MHP lideri, iktidar ortağı Devlet Bahçeli, bir kez daha yerel seçimlerin sadece belediye başkanı seçmekten ibaret olmadığını, bir beka sorunu olduğunu söyledi:
“Cumhurbaşkanlığı Hükümet Sistemini'nin kazasız belasız devamını önemli bir görev addediyoruz. 31 Mart seçimlerini beka merceğinden analiz ediyoruz.”
Kısacası Türkiye Cumhuriyeti’nin kalıcılığını, belediyelerin Cumhur İttifakı'nın kontrolünde olmasına bağlıyor.
Zaten AKMHP iktidarda, Meclis işlevsizleşmiş, CB kararnameleriyle ülke idare ediliyor.
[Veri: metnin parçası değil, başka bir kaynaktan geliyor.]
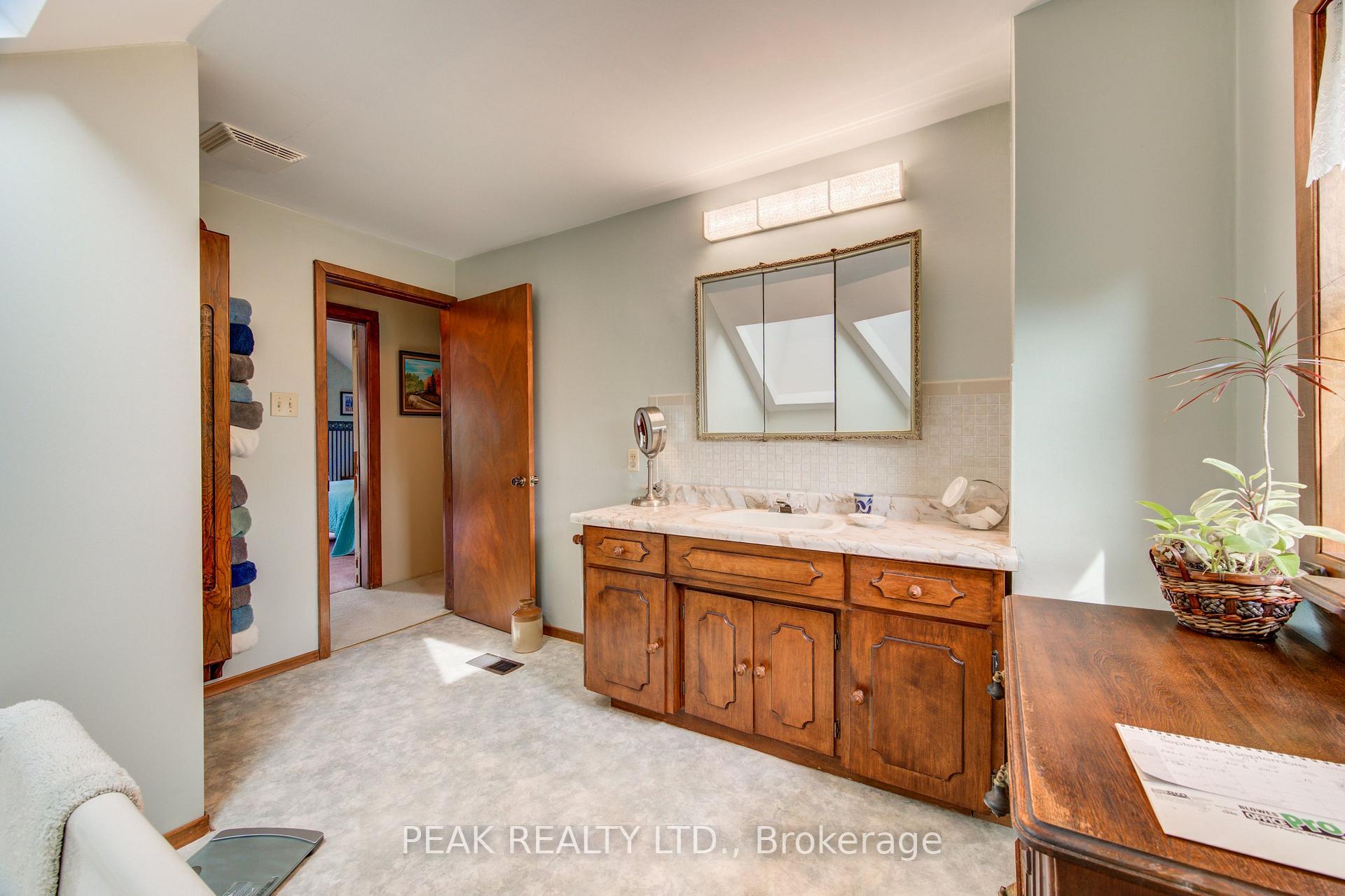 Photo 33 of 5465 King Street, Perth East, North Easthope — HOMEH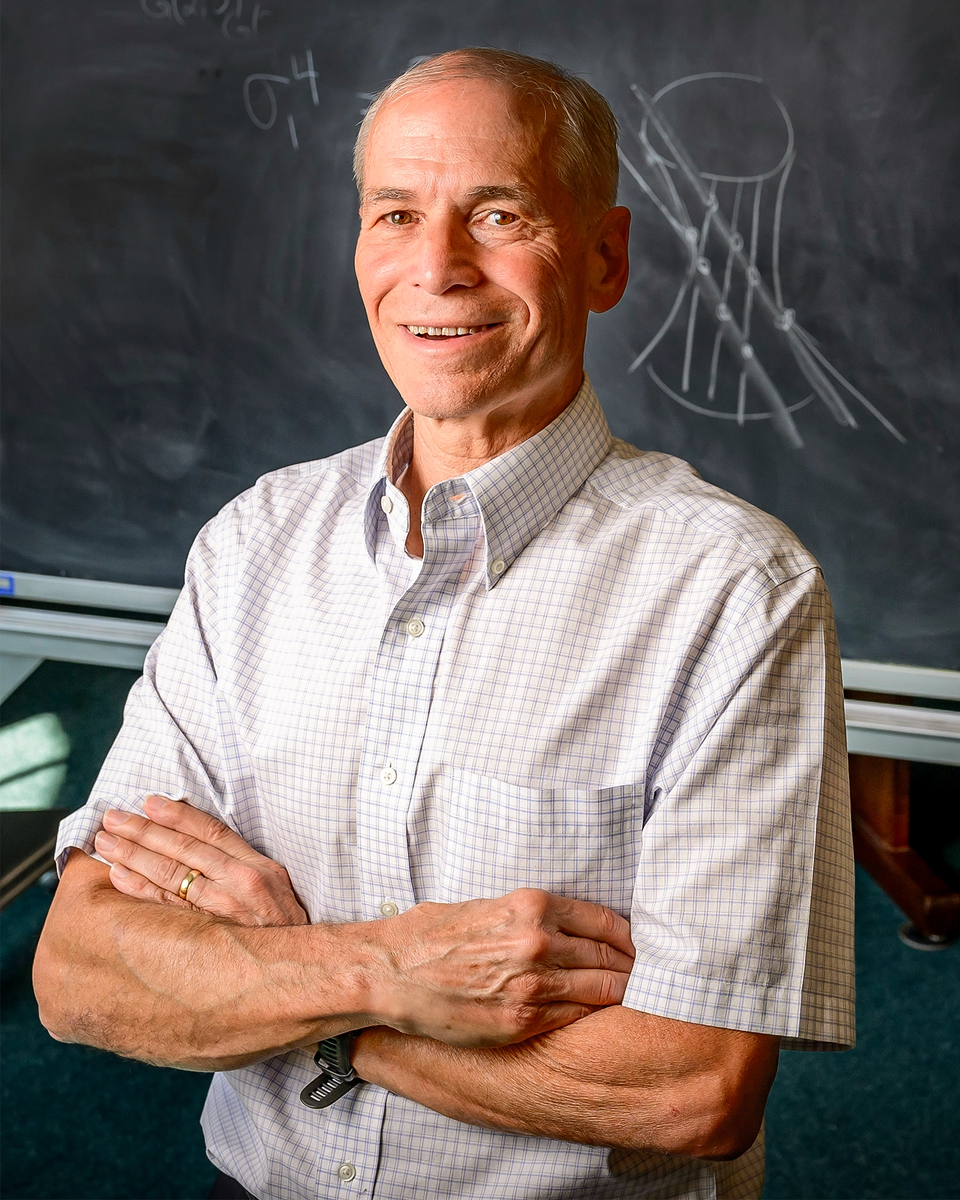 Шелдона Каца заинтриговала связь между вопросами перечислительной геометрии и теорией струн.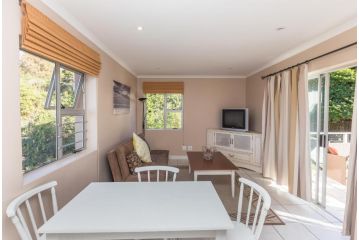 Plett's Life Apartment, Plettenberg Bay - 2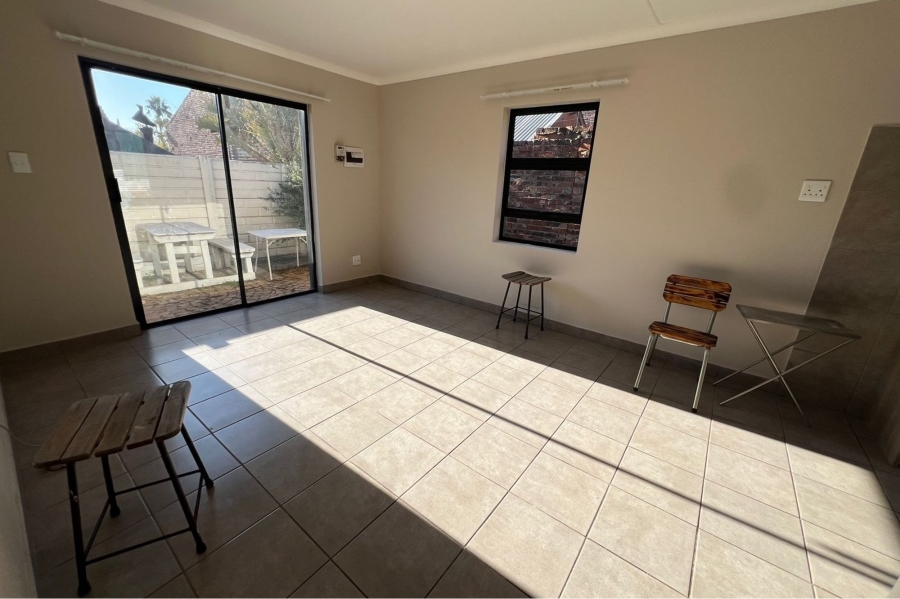 4 Bedroom Property for Sale in Rooihuiskraal Gauteng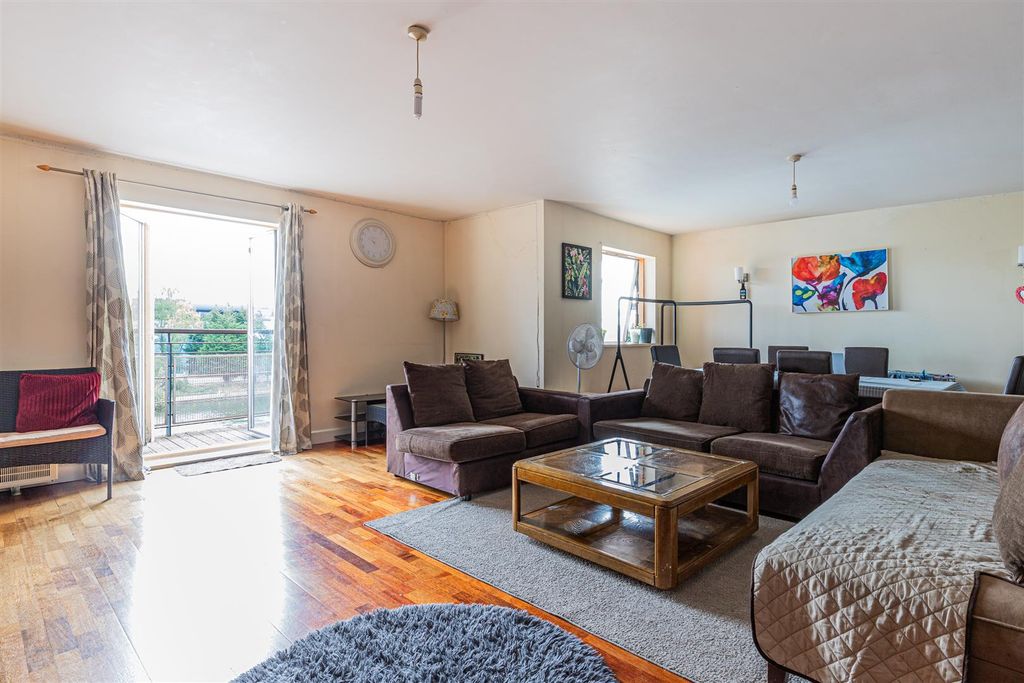 Additional image 12 of 2 bed flat for saleHenke Court, Atlantic Wharf, Cardiff Bay CF10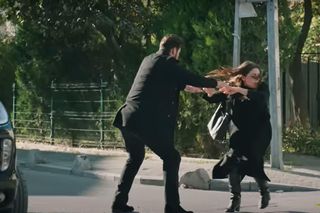 Emanet, odcinek 377. Wypadek Yamana! 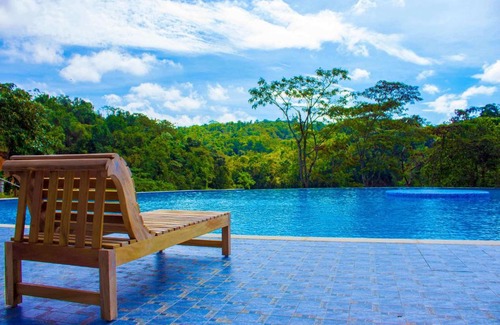 Sakleshpur Resort | Mookanana Jungle Resort and Spa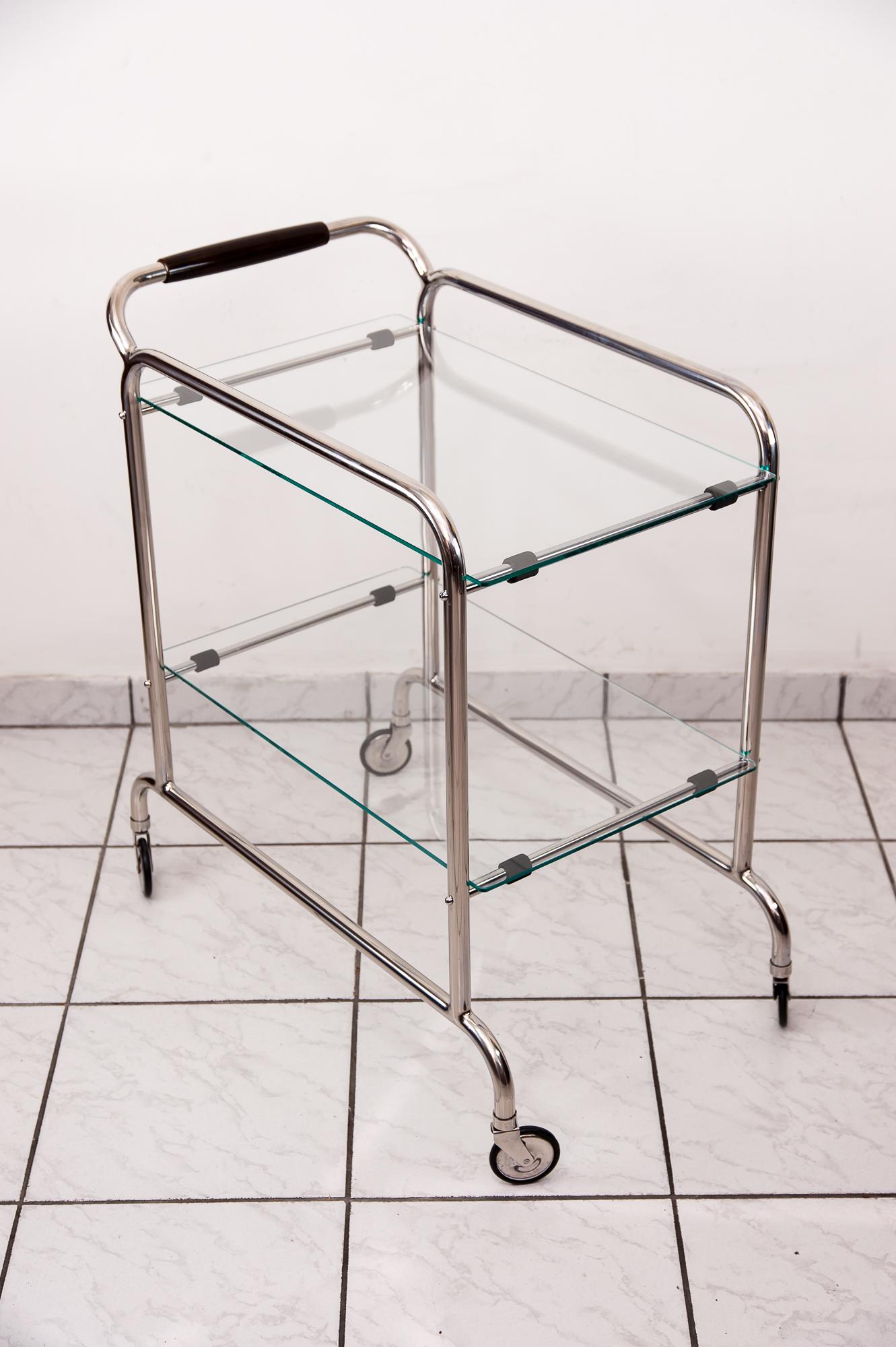 Art Deco serving cart 1920s attributed to Thonet.
Original condition.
Ancak yerelde, özellikle büyükşehirlerde kayıplar yaşanırsa istenilen rahatlıkta ülkenin “yönetilemeyeceği”ni ima ediyor.
Nasılsa belediyeler al takke ver külah paylaşılmış; paylaşılamayanlar Güneydoğu ve Doğu’da kayyım atanarak ele geçirilmiş.
İşte bu düzen değişmesin istiyor(lar).
Çünkü bekanın, yani Türkçesiyle kalıcılığın, ölümsüzlüğün teminatı, bütün dizginlerin elde tutulmasından, rant paylaşımının kısıtlı bir zümreye verilmesinden geçiyor.
Seçmene verilen mesajı şöyle okuyabiliriz: AKMHP’ye oy vermezsen senin de hayatın, kalıcılığın tehlikede.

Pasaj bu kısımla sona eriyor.